Zunächst sind die Dialoge um Längen besser, wenn auch gleichzeitig um vieles zahlreicher. Die inneren Monologe von Heldin Ayumi erklären über weite Strecken die äußere Handlung, und da ebendiese äußere Handlung zunächst einmal kaum Sinn macht, gibt es für Ayumi eine Menge zu denken. Kleines Beispiel: Nicht selten jedoch sind eigentlich offene Wege zunächst einmal durch einen seltsamen Nebelschleier versperrt, eine Art grafischer Trick, um Szenerien länger nutzen zu können. Denn erst nachdem einige Monster besiegt sind, kann Ayumi zu der besagten Stelle zurückkehren, wo sie feststellt, dass sich die wundersame Nebelwand gelichtet hat und sie nun passieren kann.
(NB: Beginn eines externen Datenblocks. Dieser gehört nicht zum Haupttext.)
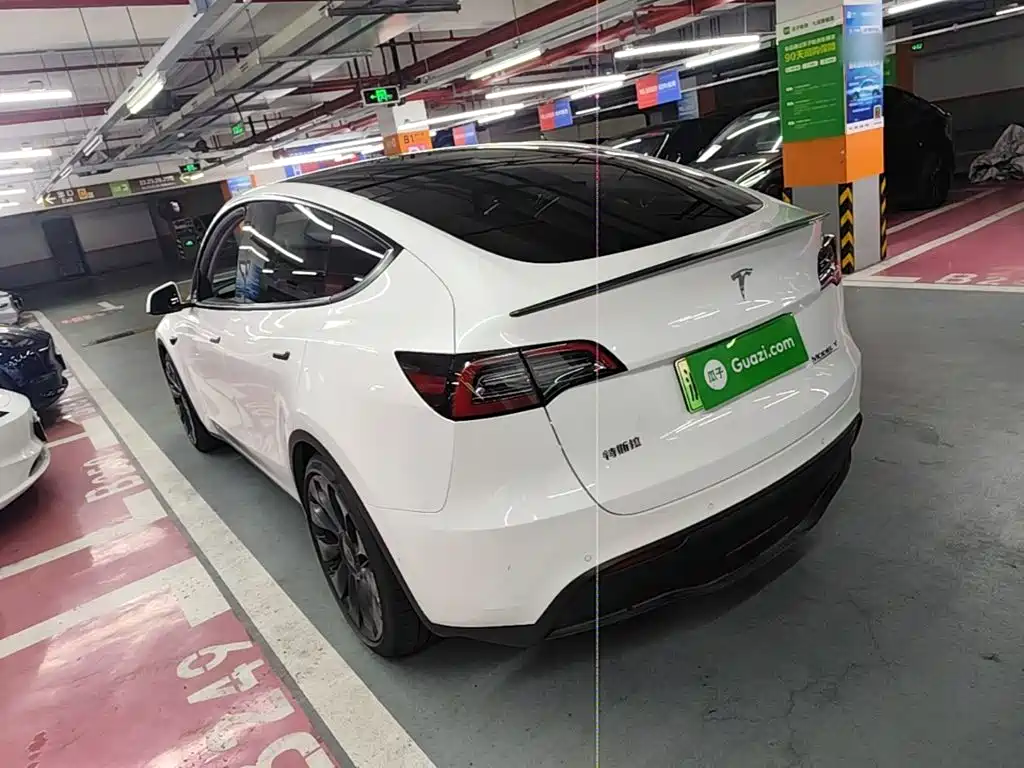 Tesla Model Y — миниатюра 5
Für all dies braucht es dann freilich eine Erklärung – und weil „die Entwickler wollten es so“ nicht gelten kann, fällt sie etwas esoterischer aus.

Generell findet die brave Schatz-Sucherin ihren Weg mithilfe eines Kompasses, der sich mit der unteren Kreuztaste einblenden lässt und hübsch animiert wird. Die Wanderung führt durch Umgebungen, die an sich nicht schlecht aussehen, der Spielkonsole aber schwer zu schaffen machen (PS3-Version getestet). Was die Framerate angeht, fühlt man sich häufig in frühere Zeiten zurück versetzt, in denen die Unreal und Havok Engines nicht nicht optimal angepasst waren. Außerdem finden sich immer wieder blockartige Felsen und unter-designte Elemente mitten in einer ansonsten ganz nett wirkenden Landschaft.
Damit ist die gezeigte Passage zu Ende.